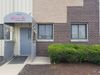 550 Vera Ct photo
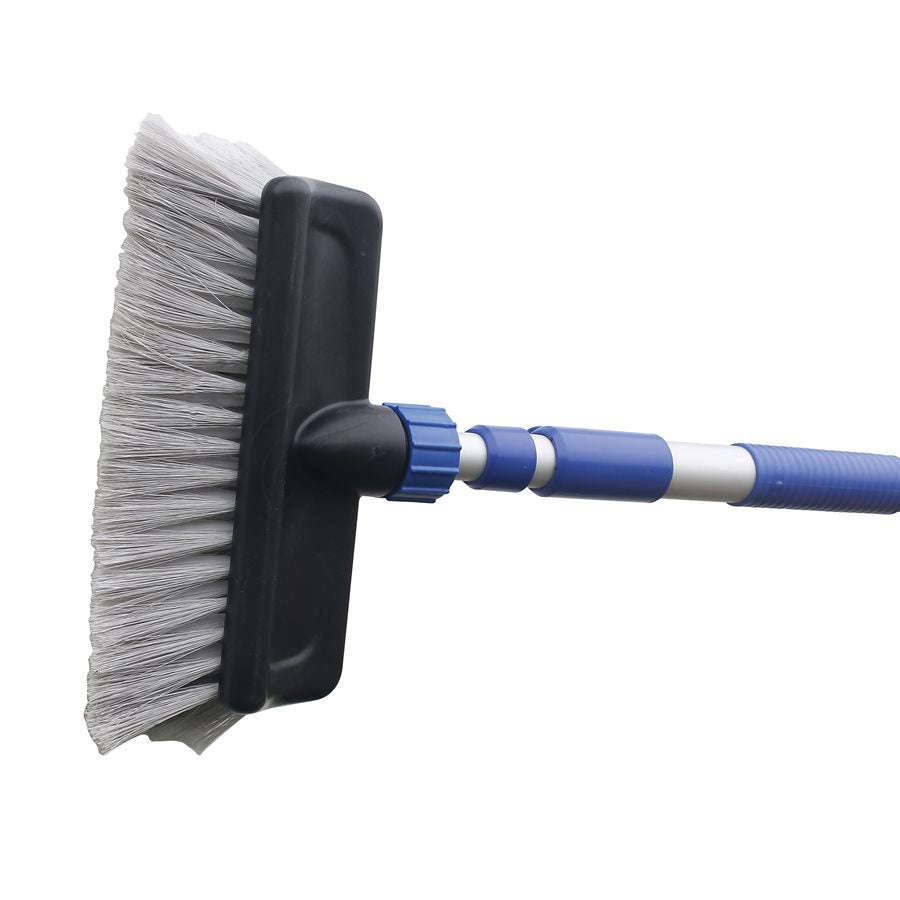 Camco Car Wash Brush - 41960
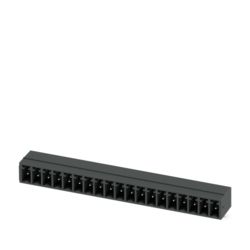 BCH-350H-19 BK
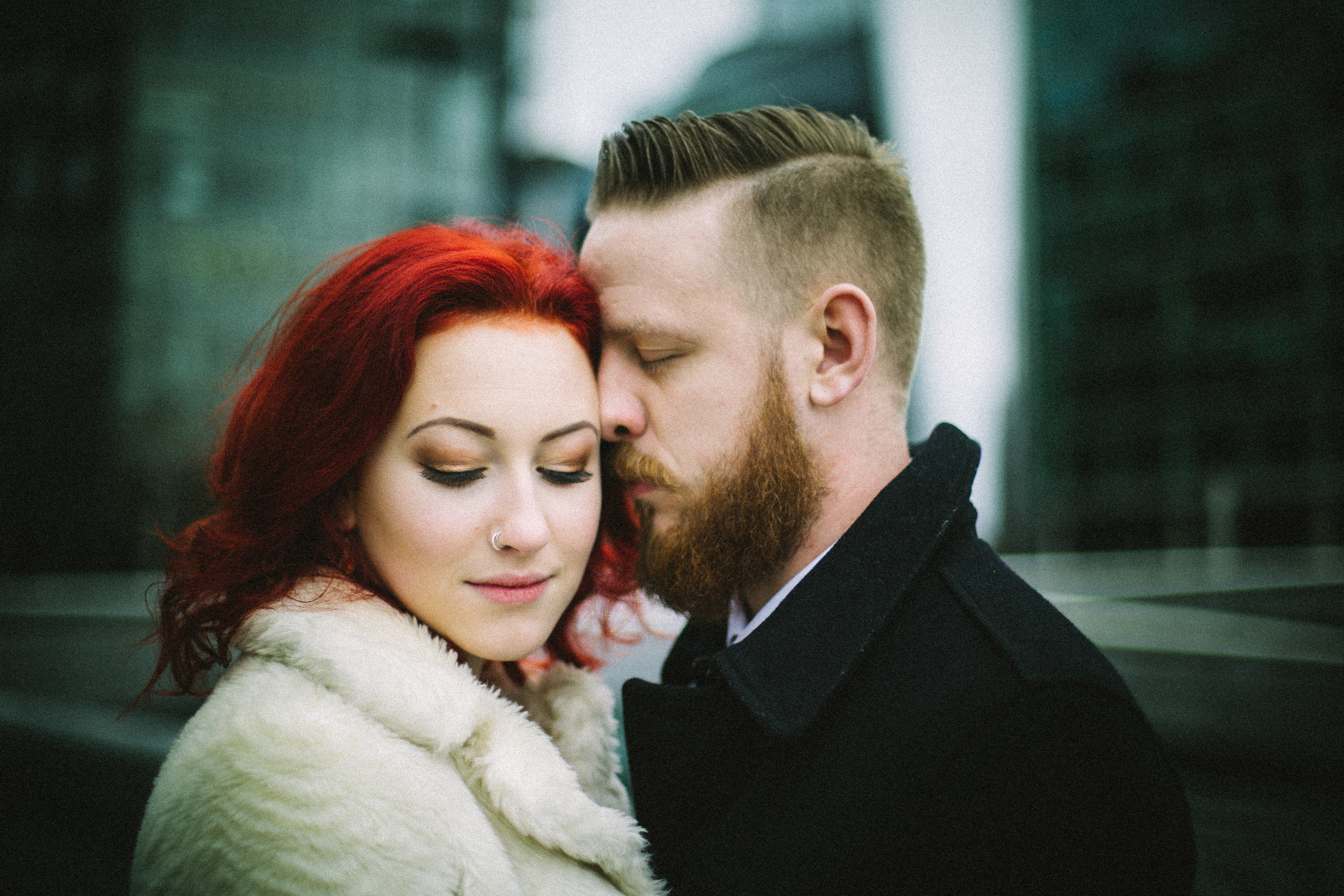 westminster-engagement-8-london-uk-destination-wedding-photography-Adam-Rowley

- What the task asks -
The expected result is the complete listing above, printed exactly, with no pictures.

- Answer space -
 550 Vera Ct photo
 Camco Car Wash Brush - 41960
 BCH-350H-19 BK
 westminster-engagement-8-london-uk-destination-wedding-photography-Adam-Rowley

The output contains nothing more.